# Miscellaneous > Structured Query Language (SQL) >  Adding 6 months to the month from a date

## Jayshree

Hi, 

     I want to select all records that would have a maturity date that falls within the 6 month from the current month or selecting all records that would mature in the 6 month from the current month. 

Thanks

----------


## rmiao

On which db system? Use dateadd function in ms sql server.

----------


## Jayshree

First I want to add 6 months to the current date and then extract the month and year from the resulting date.When I run these queries(given below) separately, it works fine, but could someone tell me how to trim the day out of this date. 

SELECT month( ADD_MONTHS(CURRENT_TIMESTAMP,6)) from SYSIBM.SYSDUMMY1

SELECT year( ADD_MONTHS(CURRENT_TIMESTAMP,6)) from SYSIBM.SYSDUMMY1

----------


## rmiao

You still didn't tell which db system used.
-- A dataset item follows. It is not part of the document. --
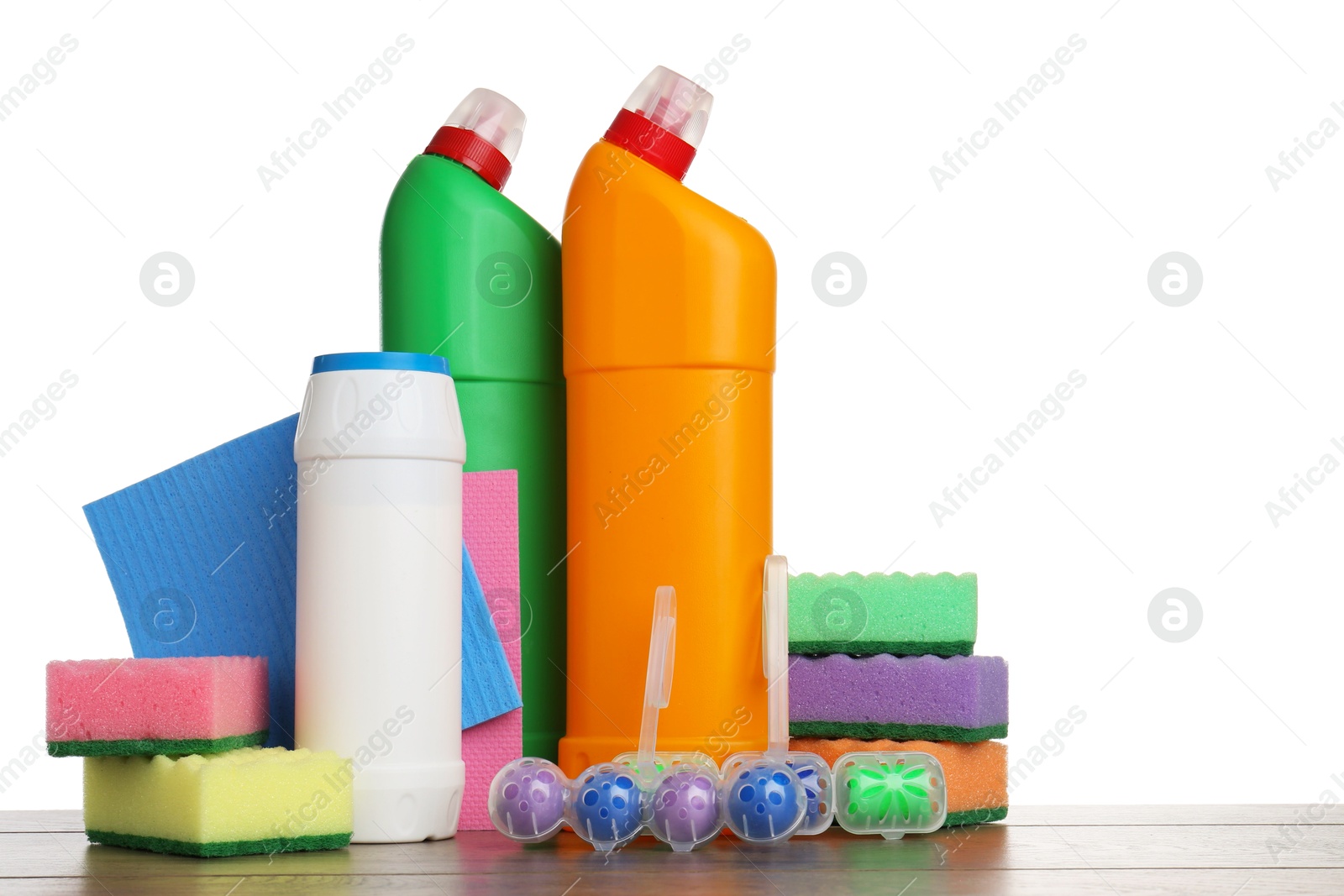 Photo of Different toilet cleaners, sponges and rag on wooden table against white background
Different system has different functions and syntax.

----------


## Jayshree

I an using DB2.

----------


## dheena

> First I want to add 6 months to the current date and then extract the month and year from the resulting date.When I run these queries(given below) separately, it works fine, but could someone tell me how to trim the day out of this date. 
> 
> SELECT month( ADD_MONTHS(CURRENT_TIMESTAMP,6)) from SYSIBM.SYSDUMMY1
> 
> SELECT year( ADD_MONTHS(CURRENT_TIMESTAMP,6)) from SYSIBM.SYSDUMMY1


select CAST (colmname as smalldatetime) from tablename

----------


## dheena

select CAST (posdt as smalldatetime) from ex

u can use this to trim the datetime

----------